REQUIREMENT: Give again the lines of the data from its first line through the line with "terrain case-pilote m²". Change nothing.

[Opening RECORDS PROVIDED section]

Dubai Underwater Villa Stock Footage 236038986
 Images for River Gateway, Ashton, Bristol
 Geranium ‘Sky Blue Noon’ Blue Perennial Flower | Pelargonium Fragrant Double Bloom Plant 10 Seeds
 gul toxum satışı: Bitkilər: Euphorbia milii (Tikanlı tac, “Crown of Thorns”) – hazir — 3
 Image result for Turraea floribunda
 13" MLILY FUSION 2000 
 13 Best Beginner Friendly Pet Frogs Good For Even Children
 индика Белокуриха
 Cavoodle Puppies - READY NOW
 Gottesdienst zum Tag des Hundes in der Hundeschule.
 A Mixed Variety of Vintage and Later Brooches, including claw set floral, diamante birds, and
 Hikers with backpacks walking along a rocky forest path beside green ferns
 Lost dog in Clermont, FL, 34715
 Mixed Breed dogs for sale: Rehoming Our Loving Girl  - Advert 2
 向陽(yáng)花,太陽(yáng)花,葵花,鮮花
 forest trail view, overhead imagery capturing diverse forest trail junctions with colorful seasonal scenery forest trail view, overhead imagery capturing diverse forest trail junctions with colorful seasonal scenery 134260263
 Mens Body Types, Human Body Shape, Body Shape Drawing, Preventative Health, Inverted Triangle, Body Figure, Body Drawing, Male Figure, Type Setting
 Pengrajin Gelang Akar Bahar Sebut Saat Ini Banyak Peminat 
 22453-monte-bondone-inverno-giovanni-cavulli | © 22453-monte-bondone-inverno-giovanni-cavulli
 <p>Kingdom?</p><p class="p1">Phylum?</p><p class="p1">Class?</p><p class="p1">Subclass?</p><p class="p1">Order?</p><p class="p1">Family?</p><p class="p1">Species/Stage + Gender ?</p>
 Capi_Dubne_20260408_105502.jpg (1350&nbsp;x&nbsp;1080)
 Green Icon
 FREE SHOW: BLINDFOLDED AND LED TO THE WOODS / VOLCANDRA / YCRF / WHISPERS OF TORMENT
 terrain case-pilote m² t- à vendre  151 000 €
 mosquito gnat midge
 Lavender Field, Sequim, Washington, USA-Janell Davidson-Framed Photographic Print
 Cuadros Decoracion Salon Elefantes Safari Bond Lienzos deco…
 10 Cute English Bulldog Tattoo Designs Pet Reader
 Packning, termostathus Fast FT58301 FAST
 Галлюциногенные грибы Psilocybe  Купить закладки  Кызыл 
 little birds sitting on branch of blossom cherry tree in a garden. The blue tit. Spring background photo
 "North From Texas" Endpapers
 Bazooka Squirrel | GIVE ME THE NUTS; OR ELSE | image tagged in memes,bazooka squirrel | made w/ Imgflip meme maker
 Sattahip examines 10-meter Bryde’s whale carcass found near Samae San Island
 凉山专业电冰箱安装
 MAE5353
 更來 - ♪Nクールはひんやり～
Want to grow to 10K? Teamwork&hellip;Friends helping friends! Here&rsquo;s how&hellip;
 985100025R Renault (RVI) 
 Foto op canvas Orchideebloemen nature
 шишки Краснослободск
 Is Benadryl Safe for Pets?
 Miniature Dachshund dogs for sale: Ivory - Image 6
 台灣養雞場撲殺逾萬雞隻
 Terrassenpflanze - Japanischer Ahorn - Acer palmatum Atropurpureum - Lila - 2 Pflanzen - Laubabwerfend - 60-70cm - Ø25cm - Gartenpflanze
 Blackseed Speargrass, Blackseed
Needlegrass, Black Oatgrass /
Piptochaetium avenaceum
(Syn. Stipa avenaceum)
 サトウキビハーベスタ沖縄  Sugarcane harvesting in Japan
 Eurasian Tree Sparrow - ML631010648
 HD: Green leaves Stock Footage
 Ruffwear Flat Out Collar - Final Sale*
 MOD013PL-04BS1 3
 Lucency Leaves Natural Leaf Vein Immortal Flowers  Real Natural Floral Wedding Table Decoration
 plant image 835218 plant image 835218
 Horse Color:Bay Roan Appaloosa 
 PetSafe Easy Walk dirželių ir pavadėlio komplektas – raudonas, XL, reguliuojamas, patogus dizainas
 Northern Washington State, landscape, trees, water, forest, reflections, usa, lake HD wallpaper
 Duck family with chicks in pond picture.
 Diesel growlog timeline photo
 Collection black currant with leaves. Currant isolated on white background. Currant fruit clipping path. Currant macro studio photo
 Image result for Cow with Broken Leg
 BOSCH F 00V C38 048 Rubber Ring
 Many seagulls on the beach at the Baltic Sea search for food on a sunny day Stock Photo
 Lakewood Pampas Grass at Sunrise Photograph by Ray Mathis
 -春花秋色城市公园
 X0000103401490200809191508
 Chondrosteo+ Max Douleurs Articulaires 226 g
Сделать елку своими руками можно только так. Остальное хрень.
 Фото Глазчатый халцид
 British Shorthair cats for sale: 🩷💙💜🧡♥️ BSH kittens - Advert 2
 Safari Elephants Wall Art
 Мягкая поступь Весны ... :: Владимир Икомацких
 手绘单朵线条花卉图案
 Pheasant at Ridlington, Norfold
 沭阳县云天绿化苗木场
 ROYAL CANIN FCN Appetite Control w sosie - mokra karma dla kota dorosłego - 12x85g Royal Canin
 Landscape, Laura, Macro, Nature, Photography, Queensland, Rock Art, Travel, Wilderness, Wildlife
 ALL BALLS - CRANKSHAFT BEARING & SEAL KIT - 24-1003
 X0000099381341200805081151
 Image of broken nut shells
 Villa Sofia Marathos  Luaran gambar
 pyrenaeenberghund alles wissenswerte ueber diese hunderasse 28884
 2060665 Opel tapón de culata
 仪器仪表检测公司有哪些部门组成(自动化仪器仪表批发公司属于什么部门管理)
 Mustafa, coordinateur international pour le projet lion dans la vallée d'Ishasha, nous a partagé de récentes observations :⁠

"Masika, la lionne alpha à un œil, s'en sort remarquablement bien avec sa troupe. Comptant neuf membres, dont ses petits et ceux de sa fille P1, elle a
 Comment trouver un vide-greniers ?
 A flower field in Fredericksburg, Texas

[Closing RECORDS PROVIDED section]

EXPECTED ANSWER:
Dubai Underwater Villa Stock Footage 236038986
 Images for River Gateway, Ashton, Bristol
 Geranium ‘Sky Blue Noon’ Blue Perennial Flower | Pelargonium Fragrant Double Bloom Plant 10 Seeds
 gul toxum satışı: Bitkilər: Euphorbia milii (Tikanlı tac, “Crown of Thorns”) – hazir — 3
 Image result for Turraea floribunda
 13" MLILY FUSION 2000 
 13 Best Beginner Friendly Pet Frogs Good For Even Children
 индика Белокуриха
 Cavoodle Puppies - READY NOW
 Gottesdienst zum Tag des Hundes in der Hundeschule.
 A Mixed Variety of Vintage and Later Brooches, including claw set floral, diamante birds, and
 Hikers with backpacks walking along a rocky forest path beside green ferns
 Lost dog in Clermont, FL, 34715
 Mixed Breed dogs for sale: Rehoming Our Loving Girl  - Advert 2
 向陽(yáng)花,太陽(yáng)花,葵花,鮮花
 forest trail view, overhead imagery capturing diverse forest trail junctions with colorful seasonal scenery forest trail view, overhead imagery capturing diverse forest trail junctions with colorful seasonal scenery 134260263
 Mens Body Types, Human Body Shape, Body Shape Drawing, Preventative Health, Inverted Triangle, Body Figure, Body Drawing, Male Figure, Type Setting
 Pengrajin Gelang Akar Bahar Sebut Saat Ini Banyak Peminat 
 22453-monte-bondone-inverno-giovanni-cavulli | © 22453-monte-bondone-inverno-giovanni-cavulli
 <p>Kingdom?</p><p class="p1">Phylum?</p><p class="p1">Class?</p><p class="p1">Subclass?</p><p class="p1">Order?</p><p class="p1">Family?</p><p class="p1">Species/Stage + Gender ?</p>
 Capi_Dubne_20260408_105502.jpg (1350&nbsp;x&nbsp;1080)
 Green Icon
 FREE SHOW: BLINDFOLDED AND LED TO THE WOODS / VOLCANDRA / YCRF / WHISPERS OF TORMENT
 terrain case-pilote m² t- à vendre  151 000 €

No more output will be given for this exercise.